Perubahan gaya hidup masyarakat di Indonesia serta berkembangnya Internet dan teknologi digital ternyata memengaruhi keberadaan makanan khas Indonesia yang sekarang sudah langka ditemukan dan terancam punah. Para penjaja makanan asli Indonesia pun tertantang mencari solusi agar dapat melestarikan kelezatan asli kuliner Indonesia yang kebanyakan berasal dari resep turun-temurun keluarga.
Meski demikian, dari 10 makanan khas Indonesia yang disebut-sebut sudah langka, tiga di antaranya masih dapat ditemui dan dinikmati oleh para pecinta kuliner di Festival Jajanan Bango (FJB) 2019 yang diselenggarakan pada 16-17 Maret, di area parkir Squash, Gelora Bung Karno (GBK) Senayan, Jakarta.
Ketiga kuliner asli Indonesia yang sudah sulit ditemukan itu adalah Bubur Ase Mpo Neh, Sate Kuah Pak H. Diding, dan Cungkring Pak Jumat.
Investor Daily pun sempat mewawancarai ketiga penjaja kuliner langka itu di sela-sela kegiatan FJB 2019, guna mencari tahu apa yang menjadi penyebab langkanya makanan tersebut.
Muhammad Nasrulloh, yang merupakan generasi kedua dari usaha Bubur Ase Mpo Neh, mengakui jika warung Bubur Ase khas Betawi ini memang semakin sulit ditemukan di Jakarta. Bahkan, sepengetahuan pria yang akrab dipanggil Heru itu, di Jakarta hanya ada tiga penjaja.
Bubur Ase merupakan singkatan dari asinan semur, yakni perpaduan antara bubur, asinan sawi, dan kuah semur.
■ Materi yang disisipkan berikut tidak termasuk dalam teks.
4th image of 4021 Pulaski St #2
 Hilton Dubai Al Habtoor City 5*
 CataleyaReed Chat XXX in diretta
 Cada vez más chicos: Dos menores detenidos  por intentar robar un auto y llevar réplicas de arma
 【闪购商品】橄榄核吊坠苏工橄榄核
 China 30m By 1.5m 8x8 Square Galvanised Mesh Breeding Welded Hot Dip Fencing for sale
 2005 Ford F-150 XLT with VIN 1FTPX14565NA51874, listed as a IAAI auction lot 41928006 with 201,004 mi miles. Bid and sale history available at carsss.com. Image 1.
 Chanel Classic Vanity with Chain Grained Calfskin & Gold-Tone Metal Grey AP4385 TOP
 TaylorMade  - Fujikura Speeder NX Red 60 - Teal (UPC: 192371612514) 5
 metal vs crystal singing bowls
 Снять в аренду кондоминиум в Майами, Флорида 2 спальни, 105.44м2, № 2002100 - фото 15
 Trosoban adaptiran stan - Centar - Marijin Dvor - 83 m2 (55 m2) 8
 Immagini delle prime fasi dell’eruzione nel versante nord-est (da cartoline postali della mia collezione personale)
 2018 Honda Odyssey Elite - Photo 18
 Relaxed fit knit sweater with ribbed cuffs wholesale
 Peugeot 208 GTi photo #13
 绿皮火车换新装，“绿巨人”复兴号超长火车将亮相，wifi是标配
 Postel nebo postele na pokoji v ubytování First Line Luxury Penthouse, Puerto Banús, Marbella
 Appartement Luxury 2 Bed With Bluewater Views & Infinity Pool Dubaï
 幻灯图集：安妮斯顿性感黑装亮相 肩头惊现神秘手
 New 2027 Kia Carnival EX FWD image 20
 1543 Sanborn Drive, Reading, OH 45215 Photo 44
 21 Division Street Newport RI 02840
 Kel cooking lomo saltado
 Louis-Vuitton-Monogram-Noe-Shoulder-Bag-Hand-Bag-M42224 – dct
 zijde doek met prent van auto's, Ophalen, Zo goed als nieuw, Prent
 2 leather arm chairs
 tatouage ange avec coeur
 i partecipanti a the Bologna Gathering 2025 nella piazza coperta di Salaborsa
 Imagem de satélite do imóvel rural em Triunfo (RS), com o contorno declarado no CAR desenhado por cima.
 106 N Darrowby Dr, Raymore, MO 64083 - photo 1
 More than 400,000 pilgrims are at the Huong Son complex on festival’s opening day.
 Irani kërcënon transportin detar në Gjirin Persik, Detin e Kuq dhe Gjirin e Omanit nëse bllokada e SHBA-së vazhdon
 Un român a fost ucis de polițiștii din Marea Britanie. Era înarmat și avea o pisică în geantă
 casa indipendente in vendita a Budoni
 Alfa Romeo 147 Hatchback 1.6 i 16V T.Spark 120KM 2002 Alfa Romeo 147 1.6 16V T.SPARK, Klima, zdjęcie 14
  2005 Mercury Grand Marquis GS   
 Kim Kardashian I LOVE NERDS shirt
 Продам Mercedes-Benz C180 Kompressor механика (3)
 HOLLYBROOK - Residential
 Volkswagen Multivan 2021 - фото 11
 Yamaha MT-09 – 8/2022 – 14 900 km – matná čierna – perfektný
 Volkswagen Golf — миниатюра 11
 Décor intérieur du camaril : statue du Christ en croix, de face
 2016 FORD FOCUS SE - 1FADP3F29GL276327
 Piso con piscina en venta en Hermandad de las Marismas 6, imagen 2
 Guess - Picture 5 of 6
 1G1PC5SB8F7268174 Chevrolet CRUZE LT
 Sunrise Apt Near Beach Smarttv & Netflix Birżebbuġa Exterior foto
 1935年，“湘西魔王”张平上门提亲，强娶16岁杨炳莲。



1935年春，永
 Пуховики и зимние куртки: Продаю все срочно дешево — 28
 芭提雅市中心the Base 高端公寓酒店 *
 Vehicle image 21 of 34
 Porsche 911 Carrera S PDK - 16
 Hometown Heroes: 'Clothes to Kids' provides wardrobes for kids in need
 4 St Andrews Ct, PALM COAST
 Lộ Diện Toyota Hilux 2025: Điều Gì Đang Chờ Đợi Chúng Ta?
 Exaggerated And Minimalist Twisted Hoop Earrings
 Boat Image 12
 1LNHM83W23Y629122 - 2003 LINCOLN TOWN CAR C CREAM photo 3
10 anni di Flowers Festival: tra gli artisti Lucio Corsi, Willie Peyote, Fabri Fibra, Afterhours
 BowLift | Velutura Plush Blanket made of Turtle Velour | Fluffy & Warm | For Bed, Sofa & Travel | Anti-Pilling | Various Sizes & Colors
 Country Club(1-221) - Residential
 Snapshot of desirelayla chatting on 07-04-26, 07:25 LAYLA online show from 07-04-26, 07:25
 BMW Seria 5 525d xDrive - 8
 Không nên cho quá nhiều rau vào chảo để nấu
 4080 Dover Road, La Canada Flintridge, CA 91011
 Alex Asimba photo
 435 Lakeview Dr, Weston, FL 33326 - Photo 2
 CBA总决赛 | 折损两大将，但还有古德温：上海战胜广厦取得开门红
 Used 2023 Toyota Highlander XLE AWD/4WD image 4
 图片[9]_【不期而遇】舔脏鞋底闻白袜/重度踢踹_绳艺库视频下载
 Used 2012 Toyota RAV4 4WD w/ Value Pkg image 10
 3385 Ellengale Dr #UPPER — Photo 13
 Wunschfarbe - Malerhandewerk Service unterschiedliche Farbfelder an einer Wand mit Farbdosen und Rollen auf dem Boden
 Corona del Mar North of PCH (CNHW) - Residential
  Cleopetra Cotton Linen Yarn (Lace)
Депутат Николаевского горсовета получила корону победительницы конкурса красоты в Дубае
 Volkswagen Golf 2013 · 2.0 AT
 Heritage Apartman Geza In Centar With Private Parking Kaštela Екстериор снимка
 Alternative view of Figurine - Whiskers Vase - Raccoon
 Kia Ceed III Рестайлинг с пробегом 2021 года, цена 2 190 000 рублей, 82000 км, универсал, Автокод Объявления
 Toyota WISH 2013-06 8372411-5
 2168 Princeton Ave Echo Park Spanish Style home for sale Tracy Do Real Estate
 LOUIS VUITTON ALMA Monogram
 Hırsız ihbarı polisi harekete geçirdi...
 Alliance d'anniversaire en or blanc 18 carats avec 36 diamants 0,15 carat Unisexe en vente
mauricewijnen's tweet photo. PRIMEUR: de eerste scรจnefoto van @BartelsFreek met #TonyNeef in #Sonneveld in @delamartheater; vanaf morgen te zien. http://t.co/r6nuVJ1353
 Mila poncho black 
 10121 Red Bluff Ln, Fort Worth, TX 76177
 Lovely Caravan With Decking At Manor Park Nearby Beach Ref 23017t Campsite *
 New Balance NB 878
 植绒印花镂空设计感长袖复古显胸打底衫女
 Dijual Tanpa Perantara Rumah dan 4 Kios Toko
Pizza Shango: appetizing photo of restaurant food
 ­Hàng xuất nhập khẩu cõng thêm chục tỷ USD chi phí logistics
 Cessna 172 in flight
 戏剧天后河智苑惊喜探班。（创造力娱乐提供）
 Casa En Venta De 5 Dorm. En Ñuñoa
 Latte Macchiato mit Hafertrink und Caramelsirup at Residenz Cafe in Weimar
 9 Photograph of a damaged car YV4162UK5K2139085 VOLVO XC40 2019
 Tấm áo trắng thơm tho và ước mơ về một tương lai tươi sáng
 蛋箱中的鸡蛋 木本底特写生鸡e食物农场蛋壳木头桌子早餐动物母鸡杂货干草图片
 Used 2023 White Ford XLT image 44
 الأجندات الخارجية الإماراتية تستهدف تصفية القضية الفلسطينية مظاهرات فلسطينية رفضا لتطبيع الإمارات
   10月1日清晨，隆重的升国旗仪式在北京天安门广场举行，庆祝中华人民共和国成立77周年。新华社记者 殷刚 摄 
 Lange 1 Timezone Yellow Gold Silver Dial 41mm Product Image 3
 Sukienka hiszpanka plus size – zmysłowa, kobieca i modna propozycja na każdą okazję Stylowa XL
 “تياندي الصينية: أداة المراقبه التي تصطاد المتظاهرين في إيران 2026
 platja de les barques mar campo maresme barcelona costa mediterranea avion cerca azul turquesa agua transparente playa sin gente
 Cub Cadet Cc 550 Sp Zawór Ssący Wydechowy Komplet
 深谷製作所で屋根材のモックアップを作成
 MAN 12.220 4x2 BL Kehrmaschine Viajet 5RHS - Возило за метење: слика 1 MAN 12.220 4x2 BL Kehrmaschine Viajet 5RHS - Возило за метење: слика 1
Warung yang sudah berdiri sejak 1968 itu, sampai sekarang masih tetap ada dan berlokasi di sebuah gang sempit di daerah Kebon Kacang. Beberapa bulan lalu, Bu Neh meninggal dunia dan usahanya dilanjutkan oleh anaknya.
Menurut Heru, alasan dibalik langkanya Bubur Ase Mpo Neh dikarenakan resep tradisional yang sudah turun-temurun lebih banyak diturunkan kepada keluarga, dan pengolahan bahan baku bubur yang rumit.
“Satu memang karena ini resep tradisional yang sudah turun temurun, jarang diturunin ke orang lain, kecuali orang itu mau belajar. Jadi resep ini lebih diturunkan kepada keluarga. Atau kemungkinan karena agak ribet dalam pengolahan buburnya. Tapi, kalau menurut saya nggak ribet karena sudah terbiasa membantu dari kecil. Jadi secara tidak langsung saya sudah belajar dari kecil dengan membantu orangtua setiap harinya,” ujar dia.